→ **EXERCISE DETAILS**:
At the line with "SHELOVET Tongs Légères Avec Fleurs jaune 2", start transcribing; stop after the last line of the data below. Keep it exact and leave pictures out.

→ **PROVIDED DATA**:
= Beginning of Section =

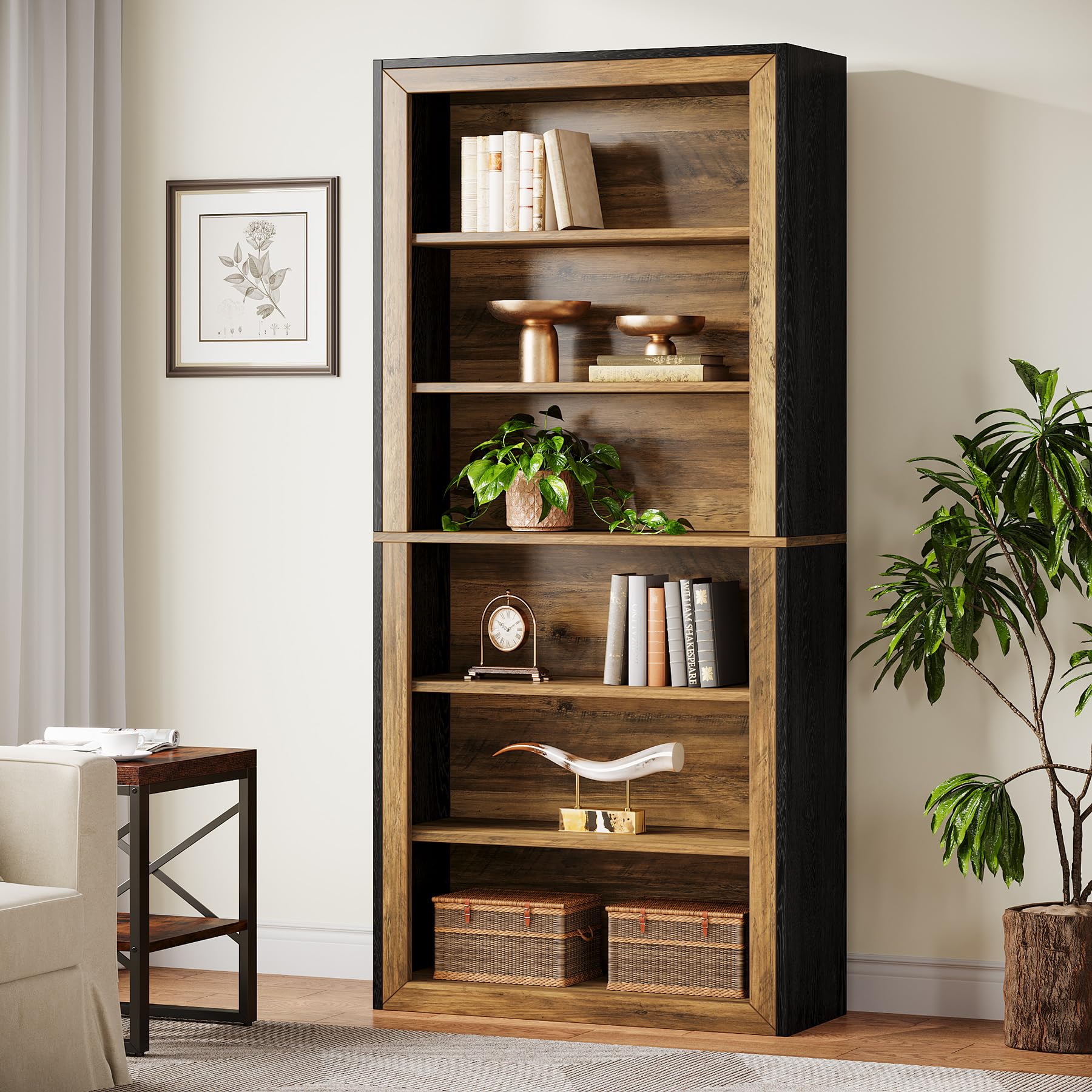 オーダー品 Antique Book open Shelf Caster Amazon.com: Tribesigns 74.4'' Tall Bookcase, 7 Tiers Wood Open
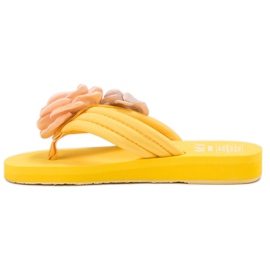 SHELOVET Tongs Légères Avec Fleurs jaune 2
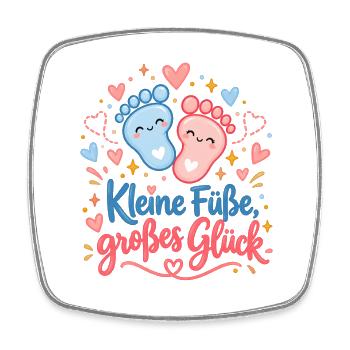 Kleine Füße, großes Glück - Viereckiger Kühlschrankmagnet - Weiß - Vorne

= End of Section =

→ **TASK RESULT**:
 SHELOVET Tongs Légères Avec Fleurs jaune 2
 Kleine Füße, großes Glück - Viereckiger Kühlschrankmagnet - Weiß - Vorne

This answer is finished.